**SUPPLIED RECORDS**
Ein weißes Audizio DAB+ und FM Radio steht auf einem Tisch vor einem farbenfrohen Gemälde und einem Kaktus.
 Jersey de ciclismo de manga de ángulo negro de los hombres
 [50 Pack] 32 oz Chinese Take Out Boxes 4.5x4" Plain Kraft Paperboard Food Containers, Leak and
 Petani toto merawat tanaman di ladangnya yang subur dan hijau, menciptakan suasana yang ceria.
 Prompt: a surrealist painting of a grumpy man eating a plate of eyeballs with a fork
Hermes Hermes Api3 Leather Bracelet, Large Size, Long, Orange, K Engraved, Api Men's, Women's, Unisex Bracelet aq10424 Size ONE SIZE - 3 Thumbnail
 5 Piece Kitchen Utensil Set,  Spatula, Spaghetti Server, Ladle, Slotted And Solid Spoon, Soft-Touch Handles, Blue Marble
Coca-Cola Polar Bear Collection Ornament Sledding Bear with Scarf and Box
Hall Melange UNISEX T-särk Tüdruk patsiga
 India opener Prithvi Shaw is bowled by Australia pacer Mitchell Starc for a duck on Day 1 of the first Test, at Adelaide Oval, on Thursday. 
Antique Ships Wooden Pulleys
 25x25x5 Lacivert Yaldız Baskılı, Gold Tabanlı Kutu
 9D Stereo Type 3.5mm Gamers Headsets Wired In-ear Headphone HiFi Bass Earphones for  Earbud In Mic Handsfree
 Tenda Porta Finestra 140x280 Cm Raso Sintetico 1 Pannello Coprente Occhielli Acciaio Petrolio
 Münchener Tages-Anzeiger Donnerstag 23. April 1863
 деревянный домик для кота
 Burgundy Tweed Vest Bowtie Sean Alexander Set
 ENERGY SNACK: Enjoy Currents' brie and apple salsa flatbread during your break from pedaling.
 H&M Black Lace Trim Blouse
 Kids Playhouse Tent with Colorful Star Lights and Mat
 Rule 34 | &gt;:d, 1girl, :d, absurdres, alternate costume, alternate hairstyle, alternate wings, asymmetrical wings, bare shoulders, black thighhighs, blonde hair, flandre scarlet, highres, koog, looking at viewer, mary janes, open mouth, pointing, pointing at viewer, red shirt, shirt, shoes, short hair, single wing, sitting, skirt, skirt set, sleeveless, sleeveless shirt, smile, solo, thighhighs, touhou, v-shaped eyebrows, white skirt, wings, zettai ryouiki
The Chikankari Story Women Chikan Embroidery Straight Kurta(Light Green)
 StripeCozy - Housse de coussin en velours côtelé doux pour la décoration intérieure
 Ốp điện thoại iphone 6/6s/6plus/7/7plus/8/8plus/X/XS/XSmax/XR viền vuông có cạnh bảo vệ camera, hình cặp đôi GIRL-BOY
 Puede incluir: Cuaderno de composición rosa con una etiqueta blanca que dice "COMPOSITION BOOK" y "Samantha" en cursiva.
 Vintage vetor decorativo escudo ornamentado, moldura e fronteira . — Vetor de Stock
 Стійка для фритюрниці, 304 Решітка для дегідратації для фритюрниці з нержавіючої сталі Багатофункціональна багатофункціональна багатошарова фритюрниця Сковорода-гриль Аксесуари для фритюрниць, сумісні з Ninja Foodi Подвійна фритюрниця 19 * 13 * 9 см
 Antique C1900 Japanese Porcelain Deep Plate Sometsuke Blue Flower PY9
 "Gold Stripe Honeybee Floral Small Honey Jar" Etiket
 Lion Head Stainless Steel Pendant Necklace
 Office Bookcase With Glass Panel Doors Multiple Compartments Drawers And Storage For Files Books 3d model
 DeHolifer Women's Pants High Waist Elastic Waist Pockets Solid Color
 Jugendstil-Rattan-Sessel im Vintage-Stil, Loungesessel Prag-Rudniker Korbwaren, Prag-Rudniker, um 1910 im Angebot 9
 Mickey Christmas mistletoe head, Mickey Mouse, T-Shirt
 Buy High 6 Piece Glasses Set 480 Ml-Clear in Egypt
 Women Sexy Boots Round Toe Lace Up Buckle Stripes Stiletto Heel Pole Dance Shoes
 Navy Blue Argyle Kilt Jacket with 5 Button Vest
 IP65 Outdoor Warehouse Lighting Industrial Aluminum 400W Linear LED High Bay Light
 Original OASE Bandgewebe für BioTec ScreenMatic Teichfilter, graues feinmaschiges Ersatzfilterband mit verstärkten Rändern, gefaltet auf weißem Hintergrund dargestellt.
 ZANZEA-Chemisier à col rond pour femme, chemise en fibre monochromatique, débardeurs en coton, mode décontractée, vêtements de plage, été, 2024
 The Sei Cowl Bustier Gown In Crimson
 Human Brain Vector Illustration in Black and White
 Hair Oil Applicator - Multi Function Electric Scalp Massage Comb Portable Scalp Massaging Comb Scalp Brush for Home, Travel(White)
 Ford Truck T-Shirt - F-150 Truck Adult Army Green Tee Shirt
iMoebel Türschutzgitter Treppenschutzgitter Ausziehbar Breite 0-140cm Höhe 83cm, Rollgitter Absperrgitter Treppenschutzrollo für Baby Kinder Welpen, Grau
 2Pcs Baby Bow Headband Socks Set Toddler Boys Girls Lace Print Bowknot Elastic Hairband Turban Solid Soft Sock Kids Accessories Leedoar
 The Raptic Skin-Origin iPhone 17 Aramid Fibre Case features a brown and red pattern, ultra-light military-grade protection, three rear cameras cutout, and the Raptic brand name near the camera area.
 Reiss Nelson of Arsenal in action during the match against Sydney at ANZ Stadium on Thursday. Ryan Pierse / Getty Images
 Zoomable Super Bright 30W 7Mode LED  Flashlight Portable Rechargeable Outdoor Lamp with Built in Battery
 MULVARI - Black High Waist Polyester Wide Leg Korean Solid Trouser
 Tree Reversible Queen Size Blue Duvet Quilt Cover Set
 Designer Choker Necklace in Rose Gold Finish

**TASK REQUIREMENTS**
Please copy the line that holds "Zoomable Super Bright" and each line under it through the last line above, exactly as they stand, adding nothing.

**TASK SOLUTION**
 Zoomable Super Bright 30W 7Mode LED  Flashlight Portable Rechargeable Outdoor Lamp with Built in Battery
 MULVARI - Black High Waist Polyester Wide Leg Korean Solid Trouser
 Tree Reversible Queen Size Blue Duvet Quilt Cover Set
 Designer Choker Necklace in Rose Gold Finish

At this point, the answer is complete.